From the data below, repeat exactly the lines from the line with "HR1520 Probador de" to the line with "Personal Protective Equipment", both included.

═════ Input material

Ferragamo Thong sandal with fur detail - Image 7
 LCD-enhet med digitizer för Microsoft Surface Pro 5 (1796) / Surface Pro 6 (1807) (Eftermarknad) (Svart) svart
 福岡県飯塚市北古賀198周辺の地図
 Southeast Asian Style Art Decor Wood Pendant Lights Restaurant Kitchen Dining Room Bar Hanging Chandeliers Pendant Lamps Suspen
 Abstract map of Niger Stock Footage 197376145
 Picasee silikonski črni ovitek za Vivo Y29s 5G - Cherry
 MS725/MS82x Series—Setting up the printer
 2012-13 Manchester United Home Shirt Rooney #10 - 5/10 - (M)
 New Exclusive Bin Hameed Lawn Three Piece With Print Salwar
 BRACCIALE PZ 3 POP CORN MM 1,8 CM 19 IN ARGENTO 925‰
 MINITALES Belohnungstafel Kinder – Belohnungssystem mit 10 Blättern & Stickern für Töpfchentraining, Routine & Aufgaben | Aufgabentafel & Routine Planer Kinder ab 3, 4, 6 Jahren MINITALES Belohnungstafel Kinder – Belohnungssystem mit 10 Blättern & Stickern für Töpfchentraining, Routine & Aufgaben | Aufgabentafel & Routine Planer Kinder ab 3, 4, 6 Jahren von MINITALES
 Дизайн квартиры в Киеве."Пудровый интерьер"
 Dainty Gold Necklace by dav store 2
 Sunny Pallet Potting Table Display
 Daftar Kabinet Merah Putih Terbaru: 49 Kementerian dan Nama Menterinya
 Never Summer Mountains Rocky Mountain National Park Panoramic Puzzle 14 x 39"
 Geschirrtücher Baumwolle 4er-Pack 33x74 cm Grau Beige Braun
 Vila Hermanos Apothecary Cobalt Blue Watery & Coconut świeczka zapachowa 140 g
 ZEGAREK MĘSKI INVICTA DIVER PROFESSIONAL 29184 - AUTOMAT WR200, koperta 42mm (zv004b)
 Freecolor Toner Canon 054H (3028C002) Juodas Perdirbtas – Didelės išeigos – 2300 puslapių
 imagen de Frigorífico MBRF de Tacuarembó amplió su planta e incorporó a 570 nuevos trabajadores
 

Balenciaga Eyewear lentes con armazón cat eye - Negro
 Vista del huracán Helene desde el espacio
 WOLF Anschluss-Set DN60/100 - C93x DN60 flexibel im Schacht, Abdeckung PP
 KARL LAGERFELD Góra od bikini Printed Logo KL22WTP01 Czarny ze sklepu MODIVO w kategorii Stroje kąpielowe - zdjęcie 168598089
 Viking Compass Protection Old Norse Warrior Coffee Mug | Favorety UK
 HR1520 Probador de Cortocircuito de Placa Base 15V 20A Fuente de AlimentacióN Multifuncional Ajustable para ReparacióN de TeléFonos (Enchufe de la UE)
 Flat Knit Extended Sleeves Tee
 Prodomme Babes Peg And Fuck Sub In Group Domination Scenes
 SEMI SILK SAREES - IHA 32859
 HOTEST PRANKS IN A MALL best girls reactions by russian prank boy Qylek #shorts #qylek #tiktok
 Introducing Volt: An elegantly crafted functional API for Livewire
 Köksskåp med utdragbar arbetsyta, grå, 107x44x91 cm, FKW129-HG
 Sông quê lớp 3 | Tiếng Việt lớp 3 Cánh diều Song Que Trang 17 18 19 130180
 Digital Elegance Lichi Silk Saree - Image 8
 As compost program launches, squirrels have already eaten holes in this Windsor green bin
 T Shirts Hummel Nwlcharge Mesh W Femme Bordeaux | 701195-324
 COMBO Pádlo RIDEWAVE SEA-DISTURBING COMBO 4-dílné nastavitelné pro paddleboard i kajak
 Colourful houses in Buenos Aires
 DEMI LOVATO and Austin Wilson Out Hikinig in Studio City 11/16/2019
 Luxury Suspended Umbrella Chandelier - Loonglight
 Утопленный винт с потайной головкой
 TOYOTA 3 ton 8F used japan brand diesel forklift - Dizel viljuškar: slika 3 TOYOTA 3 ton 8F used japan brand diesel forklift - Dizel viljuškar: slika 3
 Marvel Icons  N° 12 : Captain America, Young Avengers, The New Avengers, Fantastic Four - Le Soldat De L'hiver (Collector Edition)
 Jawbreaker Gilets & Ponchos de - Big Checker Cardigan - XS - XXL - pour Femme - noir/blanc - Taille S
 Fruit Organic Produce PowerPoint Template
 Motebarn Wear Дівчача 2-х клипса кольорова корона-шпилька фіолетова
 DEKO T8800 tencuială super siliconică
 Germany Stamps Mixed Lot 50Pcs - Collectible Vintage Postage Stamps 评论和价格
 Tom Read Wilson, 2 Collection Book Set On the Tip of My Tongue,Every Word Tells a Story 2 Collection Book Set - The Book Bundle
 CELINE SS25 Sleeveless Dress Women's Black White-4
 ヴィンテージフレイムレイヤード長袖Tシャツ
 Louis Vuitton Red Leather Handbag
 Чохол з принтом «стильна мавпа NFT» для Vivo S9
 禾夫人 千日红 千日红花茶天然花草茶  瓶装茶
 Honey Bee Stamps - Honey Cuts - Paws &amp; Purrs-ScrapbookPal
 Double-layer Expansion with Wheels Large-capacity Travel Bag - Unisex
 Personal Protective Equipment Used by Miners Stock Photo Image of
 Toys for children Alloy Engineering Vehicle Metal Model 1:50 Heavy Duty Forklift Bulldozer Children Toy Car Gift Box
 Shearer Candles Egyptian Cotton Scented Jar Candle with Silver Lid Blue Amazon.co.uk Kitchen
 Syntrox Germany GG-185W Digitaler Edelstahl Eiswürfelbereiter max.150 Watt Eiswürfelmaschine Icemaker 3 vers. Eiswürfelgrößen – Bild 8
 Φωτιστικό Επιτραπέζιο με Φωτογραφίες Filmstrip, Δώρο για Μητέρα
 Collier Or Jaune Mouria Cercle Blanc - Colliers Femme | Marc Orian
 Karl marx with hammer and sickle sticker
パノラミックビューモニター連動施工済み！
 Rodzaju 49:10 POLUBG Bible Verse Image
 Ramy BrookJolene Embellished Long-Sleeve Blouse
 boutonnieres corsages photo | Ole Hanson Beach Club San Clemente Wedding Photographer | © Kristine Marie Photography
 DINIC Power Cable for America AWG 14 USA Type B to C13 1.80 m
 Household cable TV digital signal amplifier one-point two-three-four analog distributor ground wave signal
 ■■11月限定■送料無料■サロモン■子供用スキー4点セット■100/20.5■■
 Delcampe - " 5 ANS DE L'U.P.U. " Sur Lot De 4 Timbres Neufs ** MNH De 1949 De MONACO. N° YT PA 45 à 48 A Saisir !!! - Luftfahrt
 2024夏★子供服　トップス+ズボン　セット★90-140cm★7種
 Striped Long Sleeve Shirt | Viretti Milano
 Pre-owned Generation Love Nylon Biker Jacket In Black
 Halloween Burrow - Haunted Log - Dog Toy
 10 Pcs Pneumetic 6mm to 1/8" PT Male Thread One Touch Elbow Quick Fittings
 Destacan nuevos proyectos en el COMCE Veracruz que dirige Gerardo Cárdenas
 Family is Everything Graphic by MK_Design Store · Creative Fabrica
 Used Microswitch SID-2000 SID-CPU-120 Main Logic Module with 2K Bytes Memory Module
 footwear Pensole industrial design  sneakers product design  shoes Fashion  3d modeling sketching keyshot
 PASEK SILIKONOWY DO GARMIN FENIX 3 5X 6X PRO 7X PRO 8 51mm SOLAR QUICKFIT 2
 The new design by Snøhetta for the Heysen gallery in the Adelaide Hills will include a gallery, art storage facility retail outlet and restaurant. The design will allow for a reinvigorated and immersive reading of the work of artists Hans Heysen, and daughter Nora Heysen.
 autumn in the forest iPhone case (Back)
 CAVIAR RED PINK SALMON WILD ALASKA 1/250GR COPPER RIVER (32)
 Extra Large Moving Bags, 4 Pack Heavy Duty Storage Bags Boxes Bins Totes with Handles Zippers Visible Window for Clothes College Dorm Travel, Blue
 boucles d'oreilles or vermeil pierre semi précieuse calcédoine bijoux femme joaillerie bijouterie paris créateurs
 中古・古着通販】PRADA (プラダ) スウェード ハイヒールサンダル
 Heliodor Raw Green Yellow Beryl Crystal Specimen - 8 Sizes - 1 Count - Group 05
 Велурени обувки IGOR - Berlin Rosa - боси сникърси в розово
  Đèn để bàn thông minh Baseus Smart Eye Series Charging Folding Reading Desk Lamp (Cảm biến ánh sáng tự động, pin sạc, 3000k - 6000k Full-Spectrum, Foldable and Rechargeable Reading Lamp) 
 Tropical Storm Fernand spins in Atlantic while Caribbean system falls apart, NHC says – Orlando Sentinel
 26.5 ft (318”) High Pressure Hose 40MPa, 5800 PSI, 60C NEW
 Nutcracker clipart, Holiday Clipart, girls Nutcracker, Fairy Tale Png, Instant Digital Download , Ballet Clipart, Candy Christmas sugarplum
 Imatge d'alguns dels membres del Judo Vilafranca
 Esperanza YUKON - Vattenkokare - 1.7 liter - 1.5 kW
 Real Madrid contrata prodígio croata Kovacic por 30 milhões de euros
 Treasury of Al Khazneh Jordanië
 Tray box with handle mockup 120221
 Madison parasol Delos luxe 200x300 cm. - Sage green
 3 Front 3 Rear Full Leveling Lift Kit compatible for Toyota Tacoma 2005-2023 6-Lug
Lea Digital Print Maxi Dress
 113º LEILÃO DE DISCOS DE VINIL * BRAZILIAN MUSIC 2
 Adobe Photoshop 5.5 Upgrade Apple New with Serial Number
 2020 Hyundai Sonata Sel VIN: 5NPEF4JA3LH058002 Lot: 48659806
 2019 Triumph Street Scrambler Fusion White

══════════

**Written solution**
 HR1520 Probador de Cortocircuito de Placa Base 15V 20A Fuente de AlimentacióN Multifuncional Ajustable para ReparacióN de TeléFonos (Enchufe de la UE)
 Flat Knit Extended Sleeves Tee
 Prodomme Babes Peg And Fuck Sub In Group Domination Scenes
 SEMI SILK SAREES - IHA 32859
 HOTEST PRANKS IN A MALL best girls reactions by russian prank boy Qylek #shorts #qylek #tiktok
 Introducing Volt: An elegantly crafted functional API for Livewire
 Köksskåp med utdragbar arbetsyta, grå, 107x44x91 cm, FKW129-HG
 Sông quê lớp 3 | Tiếng Việt lớp 3 Cánh diều Song Que Trang 17 18 19 130180
 Digital Elegance Lichi Silk Saree - Image 8
 As compost program launches, squirrels have already eaten holes in this Windsor green bin
 T Shirts Hummel Nwlcharge Mesh W Femme Bordeaux | 701195-324
 COMBO Pádlo RIDEWAVE SEA-DISTURBING COMBO 4-dílné nastavitelné pro paddleboard i kajak
 Colourful houses in Buenos Aires
 DEMI LOVATO and Austin Wilson Out Hikinig in Studio City 11/16/2019
 Luxury Suspended Umbrella Chandelier - Loonglight
 Утопленный винт с потайной головкой
 TOYOTA 3 ton 8F used japan brand diesel forklift - Dizel viljuškar: slika 3 TOYOTA 3 ton 8F used japan brand diesel forklift - Dizel viljuškar: slika 3
 Marvel Icons  N° 12 : Captain America, Young Avengers, The New Avengers, Fantastic Four - Le Soldat De L'hiver (Collector Edition)
 Jawbreaker Gilets & Ponchos de - Big Checker Cardigan - XS - XXL - pour Femme - noir/blanc - Taille S
 Fruit Organic Produce PowerPoint Template
 Motebarn Wear Дівчача 2-х клипса кольорова корона-шпилька фіолетова
 DEKO T8800 tencuială super siliconică
 Germany Stamps Mixed Lot 50Pcs - Collectible Vintage Postage Stamps 评论和价格
 Tom Read Wilson, 2 Collection Book Set On the Tip of My Tongue,Every Word Tells a Story 2 Collection Book Set - The Book Bundle
 CELINE SS25 Sleeveless Dress Women's Black White-4
 ヴィンテージフレイムレイヤード長袖Tシャツ
 Louis Vuitton Red Leather Handbag
 Чохол з принтом «стильна мавпа NFT» для Vivo S9
 禾夫人 千日红 千日红花茶天然花草茶  瓶装茶
 Honey Bee Stamps - Honey Cuts - Paws &amp; Purrs-ScrapbookPal
 Double-layer Expansion with Wheels Large-capacity Travel Bag - Unisex
 Personal Protective Equipment Used by Miners Stock Photo Image of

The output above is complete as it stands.